## What the exercise asks
The expected answer is the set of lines in the data below between the line holding "Here's how to" and the line holding "Today I'm surprising", inclusive, written out exactly.

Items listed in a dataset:
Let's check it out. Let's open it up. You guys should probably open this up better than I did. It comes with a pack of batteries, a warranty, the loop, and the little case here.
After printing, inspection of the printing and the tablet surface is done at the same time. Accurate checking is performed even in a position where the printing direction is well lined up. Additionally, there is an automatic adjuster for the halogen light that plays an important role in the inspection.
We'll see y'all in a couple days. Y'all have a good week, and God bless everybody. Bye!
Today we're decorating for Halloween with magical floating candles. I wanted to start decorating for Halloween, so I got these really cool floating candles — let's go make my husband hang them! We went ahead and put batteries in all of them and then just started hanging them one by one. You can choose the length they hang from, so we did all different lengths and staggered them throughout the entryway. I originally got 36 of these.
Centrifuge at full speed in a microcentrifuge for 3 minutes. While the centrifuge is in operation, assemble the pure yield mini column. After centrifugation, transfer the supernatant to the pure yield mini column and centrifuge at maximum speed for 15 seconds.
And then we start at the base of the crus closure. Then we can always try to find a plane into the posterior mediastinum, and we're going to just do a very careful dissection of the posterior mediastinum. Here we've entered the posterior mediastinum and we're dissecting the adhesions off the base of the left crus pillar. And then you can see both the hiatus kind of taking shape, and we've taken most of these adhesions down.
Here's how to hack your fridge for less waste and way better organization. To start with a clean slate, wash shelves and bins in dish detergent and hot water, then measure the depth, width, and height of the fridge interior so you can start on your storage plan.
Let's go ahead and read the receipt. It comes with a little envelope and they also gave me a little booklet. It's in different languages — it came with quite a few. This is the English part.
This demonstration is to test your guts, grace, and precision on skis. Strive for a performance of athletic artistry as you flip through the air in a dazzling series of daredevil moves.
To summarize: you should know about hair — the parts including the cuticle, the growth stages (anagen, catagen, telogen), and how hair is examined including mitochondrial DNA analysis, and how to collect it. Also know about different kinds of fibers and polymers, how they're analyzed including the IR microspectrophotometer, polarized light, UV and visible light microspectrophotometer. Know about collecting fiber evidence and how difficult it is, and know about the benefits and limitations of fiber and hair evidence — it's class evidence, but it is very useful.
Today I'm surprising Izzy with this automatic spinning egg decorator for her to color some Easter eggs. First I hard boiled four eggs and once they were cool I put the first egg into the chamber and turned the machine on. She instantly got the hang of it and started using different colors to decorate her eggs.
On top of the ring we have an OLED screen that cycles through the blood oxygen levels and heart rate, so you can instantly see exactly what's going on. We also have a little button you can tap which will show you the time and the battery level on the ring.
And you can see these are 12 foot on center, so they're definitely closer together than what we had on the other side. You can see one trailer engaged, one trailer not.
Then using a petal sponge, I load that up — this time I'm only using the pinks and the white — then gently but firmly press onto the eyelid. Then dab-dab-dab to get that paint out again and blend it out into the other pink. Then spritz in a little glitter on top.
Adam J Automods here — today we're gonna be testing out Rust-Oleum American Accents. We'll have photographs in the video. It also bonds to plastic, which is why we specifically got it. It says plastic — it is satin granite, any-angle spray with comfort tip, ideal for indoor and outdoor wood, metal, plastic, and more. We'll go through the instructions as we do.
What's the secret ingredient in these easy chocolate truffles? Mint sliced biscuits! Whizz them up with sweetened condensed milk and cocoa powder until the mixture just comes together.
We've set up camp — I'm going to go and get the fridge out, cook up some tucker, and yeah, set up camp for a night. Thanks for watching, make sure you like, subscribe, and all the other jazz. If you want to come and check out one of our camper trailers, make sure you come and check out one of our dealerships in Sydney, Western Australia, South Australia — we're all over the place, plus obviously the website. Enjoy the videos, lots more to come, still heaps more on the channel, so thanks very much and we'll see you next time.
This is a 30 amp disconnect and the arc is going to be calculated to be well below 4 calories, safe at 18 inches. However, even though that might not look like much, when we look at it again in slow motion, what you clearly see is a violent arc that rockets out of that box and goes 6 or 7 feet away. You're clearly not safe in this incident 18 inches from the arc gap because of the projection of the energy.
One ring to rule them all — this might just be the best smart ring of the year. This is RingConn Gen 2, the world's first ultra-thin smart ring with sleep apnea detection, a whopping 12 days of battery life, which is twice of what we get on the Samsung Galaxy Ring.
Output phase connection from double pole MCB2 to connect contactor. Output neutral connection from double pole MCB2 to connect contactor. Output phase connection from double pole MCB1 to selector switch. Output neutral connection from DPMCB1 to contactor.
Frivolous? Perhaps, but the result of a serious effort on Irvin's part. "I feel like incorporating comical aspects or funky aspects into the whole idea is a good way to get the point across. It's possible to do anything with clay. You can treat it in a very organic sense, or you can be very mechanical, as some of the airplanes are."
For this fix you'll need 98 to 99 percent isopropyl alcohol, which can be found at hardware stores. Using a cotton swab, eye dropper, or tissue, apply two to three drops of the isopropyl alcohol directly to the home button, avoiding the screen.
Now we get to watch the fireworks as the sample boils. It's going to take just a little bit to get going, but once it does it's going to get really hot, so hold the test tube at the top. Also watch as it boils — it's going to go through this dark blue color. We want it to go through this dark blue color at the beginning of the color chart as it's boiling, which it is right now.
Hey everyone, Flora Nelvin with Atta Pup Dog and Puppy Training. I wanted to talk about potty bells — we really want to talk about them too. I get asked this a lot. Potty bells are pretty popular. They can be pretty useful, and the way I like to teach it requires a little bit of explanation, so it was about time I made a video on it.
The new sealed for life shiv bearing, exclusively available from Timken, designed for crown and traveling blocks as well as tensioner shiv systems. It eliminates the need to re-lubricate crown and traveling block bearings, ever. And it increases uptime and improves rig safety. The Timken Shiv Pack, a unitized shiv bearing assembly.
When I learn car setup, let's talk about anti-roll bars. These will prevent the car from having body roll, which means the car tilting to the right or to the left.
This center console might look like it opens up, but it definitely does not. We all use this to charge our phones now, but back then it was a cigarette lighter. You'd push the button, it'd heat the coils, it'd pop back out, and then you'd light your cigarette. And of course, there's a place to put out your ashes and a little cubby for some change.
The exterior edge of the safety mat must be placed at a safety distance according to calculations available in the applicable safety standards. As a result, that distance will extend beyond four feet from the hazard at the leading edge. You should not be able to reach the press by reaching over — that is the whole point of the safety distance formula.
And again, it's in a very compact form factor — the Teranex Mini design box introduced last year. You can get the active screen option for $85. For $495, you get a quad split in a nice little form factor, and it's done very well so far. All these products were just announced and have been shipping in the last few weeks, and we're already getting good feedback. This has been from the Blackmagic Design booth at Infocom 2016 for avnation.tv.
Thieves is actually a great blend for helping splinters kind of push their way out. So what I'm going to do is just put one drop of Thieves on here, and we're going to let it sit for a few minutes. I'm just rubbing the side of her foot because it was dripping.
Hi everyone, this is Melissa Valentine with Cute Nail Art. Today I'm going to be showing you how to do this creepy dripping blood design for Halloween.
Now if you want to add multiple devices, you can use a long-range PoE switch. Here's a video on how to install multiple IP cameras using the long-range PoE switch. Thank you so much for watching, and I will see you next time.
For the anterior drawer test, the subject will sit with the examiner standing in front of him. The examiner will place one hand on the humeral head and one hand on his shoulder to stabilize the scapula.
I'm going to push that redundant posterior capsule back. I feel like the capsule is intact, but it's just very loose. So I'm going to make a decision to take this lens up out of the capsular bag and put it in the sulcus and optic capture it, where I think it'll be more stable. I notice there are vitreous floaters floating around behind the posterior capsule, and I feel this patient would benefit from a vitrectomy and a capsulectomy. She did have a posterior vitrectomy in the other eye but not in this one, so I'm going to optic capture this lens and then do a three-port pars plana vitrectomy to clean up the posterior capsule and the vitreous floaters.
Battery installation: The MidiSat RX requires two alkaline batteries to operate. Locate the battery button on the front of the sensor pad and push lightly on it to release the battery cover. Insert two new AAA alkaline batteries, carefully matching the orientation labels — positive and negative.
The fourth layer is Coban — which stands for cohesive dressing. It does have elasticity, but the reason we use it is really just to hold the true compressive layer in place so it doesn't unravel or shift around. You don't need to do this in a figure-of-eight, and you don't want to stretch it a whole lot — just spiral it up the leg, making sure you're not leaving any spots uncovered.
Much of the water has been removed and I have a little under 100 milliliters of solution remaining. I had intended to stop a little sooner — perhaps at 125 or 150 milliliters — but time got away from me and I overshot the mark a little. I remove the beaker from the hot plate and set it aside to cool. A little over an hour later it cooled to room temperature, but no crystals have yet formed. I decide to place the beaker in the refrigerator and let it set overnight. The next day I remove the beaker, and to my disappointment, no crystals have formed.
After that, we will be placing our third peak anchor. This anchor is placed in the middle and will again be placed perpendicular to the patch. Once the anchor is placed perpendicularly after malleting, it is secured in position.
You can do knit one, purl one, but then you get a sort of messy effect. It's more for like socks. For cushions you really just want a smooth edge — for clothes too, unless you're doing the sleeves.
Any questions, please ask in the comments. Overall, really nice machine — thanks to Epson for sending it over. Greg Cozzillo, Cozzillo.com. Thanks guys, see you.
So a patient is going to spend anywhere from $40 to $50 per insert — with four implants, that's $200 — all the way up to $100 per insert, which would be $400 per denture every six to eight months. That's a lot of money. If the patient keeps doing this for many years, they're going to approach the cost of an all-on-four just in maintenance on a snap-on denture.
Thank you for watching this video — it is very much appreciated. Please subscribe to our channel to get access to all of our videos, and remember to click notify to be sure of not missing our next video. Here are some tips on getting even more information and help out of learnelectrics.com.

## Final answer
Here's how to hack your fridge for less waste and way better organization. To start with a clean slate, wash shelves and bins in dish detergent and hot water, then measure the depth, width, and height of the fridge interior so you can start on your storage plan.
Let's go ahead and read the receipt. It comes with a little envelope and they also gave me a little booklet. It's in different languages — it came with quite a few. This is the English part.
This demonstration is to test your guts, grace, and precision on skis. Strive for a performance of athletic artistry as you flip through the air in a dazzling series of daredevil moves.
To summarize: you should know about hair — the parts including the cuticle, the growth stages (anagen, catagen, telogen), and how hair is examined including mitochondrial DNA analysis, and how to collect it. Also know about different kinds of fibers and polymers, how they're analyzed including the IR microspectrophotometer, polarized light, UV and visible light microspectrophotometer. Know about collecting fiber evidence and how difficult it is, and know about the benefits and limitations of fiber and hair evidence — it's class evidence, but it is very useful.
Today I'm surprising Izzy with this automatic spinning egg decorator for her to color some Easter eggs. First I hard boiled four eggs and once they were cool I put the first egg into the chamber and turned the machine on. She instantly got the hang of it and started using different colors to decorate her eggs.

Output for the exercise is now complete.